*Source material*.
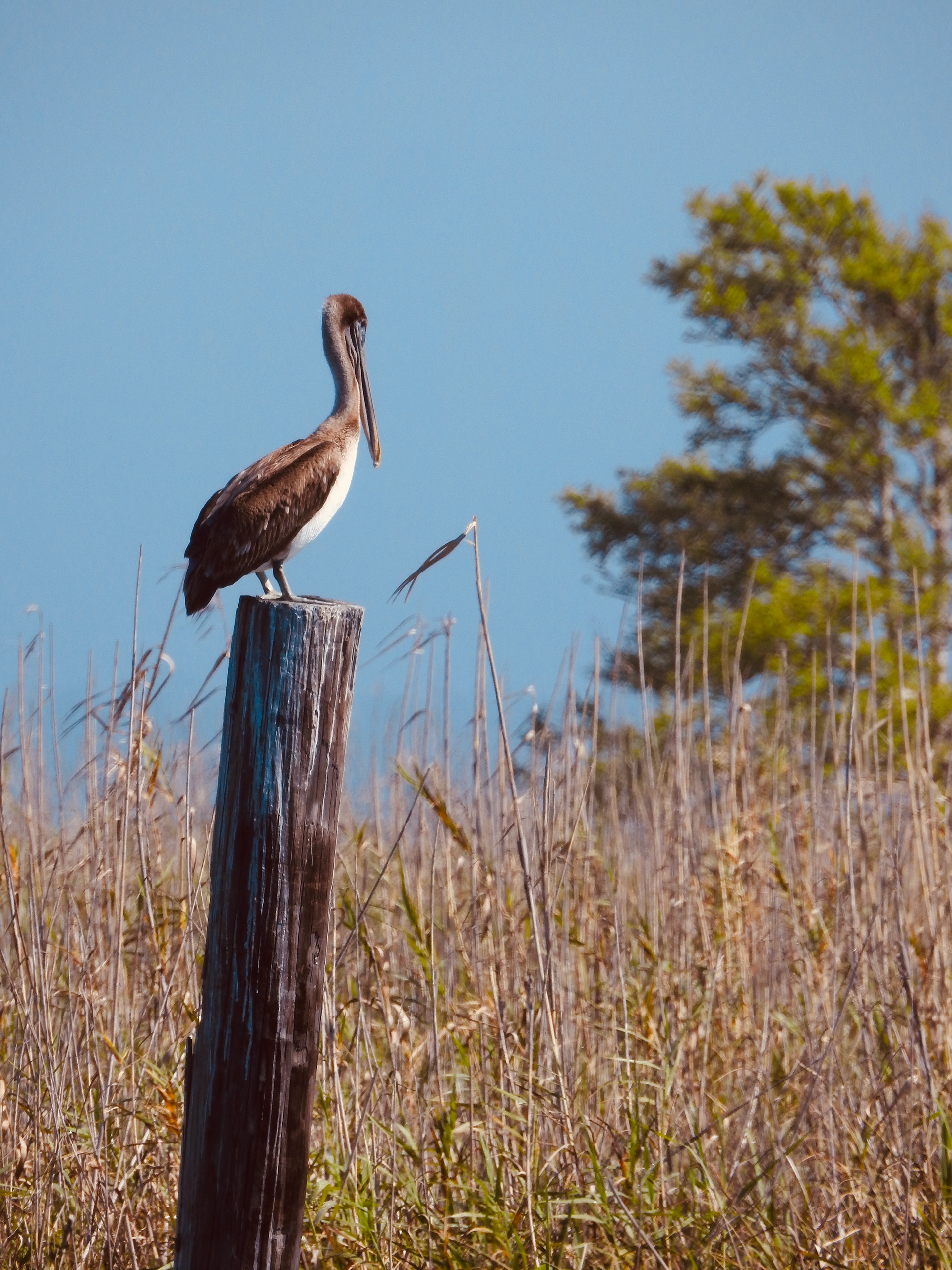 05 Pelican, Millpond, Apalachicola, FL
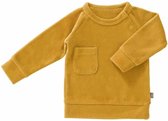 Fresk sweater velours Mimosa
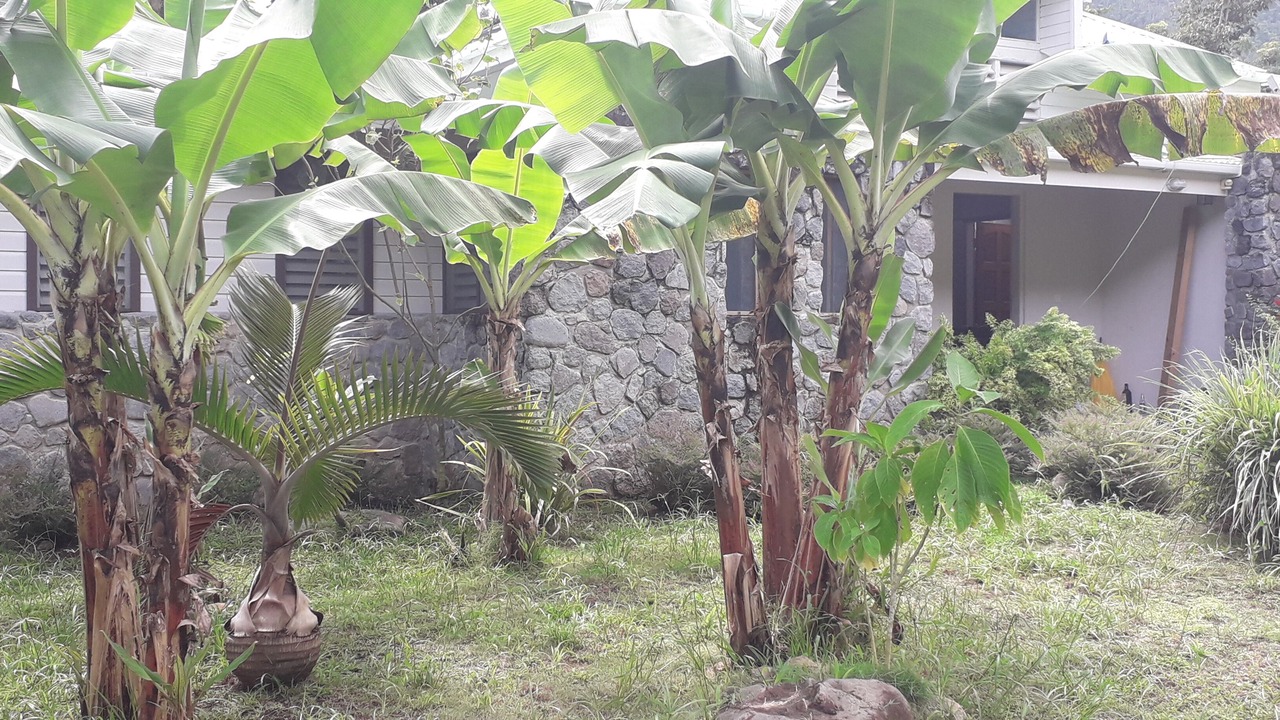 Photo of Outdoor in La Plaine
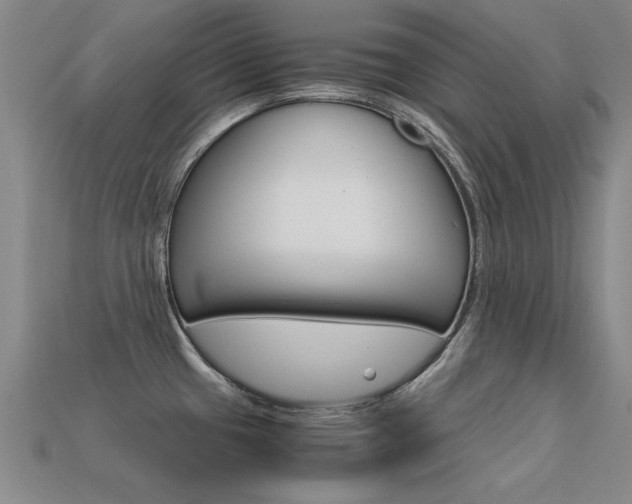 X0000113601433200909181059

*Problem to solve*. If the material above contains pictures, exclude them from an otherwise exact transcription.

*Result for this exercise*.
 05 Pelican, Millpond, Apalachicola, FL
 Fresk sweater velours Mimosa
 Photo of Outdoor in La Plaine
 X0000113601433200909181059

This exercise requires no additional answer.